Reproduzo artigo de Wladimir Pomar, publicado no sítio do Correio da Cidadania:
Em seu discurso programático, a presidenta Dilma colocou em pauta um problema ao mesmo tempo importante e polêmico. Ela afirmou que o apoio aos grandes exportadores não é incompatível com o incentivo, o desenvolvimento e o apoio à agricultura familiar e ao micro-empreendedor. Com razão ela acentuou que as pequenas empresas são responsáveis pela maior parcela dos empregos permanentes em nosso país e merecerão políticas tributárias e de crédito perenes.
No caso específico dos grandes exportadores do agronegócio, ela também poderia ter afirmado que o apoio ao esse setor da agricultura brasileira não deve ser incompatível com o desenvolvimento e o apoio à agricultura familiar. No entanto, ela apenas se referiu às políticas de apoio. O que não exclui a necessidade de o governo, nessa questão concreta, levar em conta que a lógica de desenvolvimento do agronegócio é contrária ao desenvolvimento da agricultura familiar.
Não se pode negar que o agronegócio também gera empregos, embora muitas vezes de má qualidade, e que sua tendência de mecanização, não só dos tratos culturais, mas também das colheitas, reduz sua capacidade de geração de empregos permanentes.

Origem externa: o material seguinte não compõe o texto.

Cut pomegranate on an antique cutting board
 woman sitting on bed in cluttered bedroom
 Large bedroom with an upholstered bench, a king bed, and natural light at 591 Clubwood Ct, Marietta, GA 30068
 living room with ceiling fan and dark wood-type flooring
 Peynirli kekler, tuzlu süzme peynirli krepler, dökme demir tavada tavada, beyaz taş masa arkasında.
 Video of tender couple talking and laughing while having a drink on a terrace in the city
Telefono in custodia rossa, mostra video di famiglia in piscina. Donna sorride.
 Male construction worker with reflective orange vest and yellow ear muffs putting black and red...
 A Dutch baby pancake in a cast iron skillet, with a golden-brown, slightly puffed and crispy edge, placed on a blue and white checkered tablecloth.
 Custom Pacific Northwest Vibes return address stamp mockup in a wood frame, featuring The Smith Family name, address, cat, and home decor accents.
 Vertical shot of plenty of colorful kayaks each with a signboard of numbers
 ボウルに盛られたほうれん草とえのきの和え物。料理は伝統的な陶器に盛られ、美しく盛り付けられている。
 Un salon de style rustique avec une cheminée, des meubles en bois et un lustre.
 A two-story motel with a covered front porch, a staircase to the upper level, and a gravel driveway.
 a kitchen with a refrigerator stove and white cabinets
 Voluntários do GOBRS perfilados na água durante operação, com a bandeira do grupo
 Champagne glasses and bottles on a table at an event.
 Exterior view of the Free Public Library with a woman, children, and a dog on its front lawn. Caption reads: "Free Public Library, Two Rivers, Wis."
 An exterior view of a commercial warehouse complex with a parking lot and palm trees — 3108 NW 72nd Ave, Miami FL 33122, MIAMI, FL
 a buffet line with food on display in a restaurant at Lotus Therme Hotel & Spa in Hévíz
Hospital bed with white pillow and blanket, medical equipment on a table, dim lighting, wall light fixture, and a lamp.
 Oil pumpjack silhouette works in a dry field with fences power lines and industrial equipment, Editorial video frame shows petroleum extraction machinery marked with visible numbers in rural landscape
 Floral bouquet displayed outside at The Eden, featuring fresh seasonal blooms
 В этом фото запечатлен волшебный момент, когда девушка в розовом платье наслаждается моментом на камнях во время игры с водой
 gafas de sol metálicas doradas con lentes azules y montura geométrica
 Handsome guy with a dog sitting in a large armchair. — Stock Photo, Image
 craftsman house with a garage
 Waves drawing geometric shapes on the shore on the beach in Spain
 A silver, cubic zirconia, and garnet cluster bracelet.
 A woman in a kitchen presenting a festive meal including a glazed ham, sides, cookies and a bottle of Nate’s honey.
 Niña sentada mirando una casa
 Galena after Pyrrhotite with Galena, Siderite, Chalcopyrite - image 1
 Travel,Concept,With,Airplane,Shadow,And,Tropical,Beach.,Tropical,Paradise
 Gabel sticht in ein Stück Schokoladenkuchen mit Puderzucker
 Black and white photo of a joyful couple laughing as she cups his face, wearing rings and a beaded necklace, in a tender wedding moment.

Mas a questão principal, que deve preocupar o governo no desenvolvimento do agronegócio em contraposição à agricultura familiar, não é essa. É a divisão de trabalho estabelecida na produção de alimentos, produção indispensável à reprodução saudável da força de trabalho e de toda a população brasileira.
Nos últimos oito anos, apesar de todo o esforço do governo Lula para apoiar a agricultura familiar, esta vem sendo paulatina e firmemente engolida pelo desenvolvimento do agronegócio. Não se trata, no caso, apenas de ter pena daquelas famílias cujas terras foram expropriadas por dívidas bancárias ou outras e, em conseqüência, foram posteriormente re-apropriadas pelo agronegócio. Trata-se também de levar em conta as parcelas de agricultura familiar que estão sendo arrendadas a grupos capitalistas do agronegócio para a produção de cana, soja e outras commodities exportáveis.
Nestes casos, as famílias agrícolas podem até estar numa boa situação na condição de rentistas. O problema que se coloca é o da segurança alimentar e da inflação que pode advir de uma oferta muito inferior à demanda, como está ocorrendo desde o final de 2010. Em termos concretos, o agronegócio produz mais de 80% dos produtos agrícolas brasileiros, enquanto a agricultura familiar é responsável por cerca de 20%.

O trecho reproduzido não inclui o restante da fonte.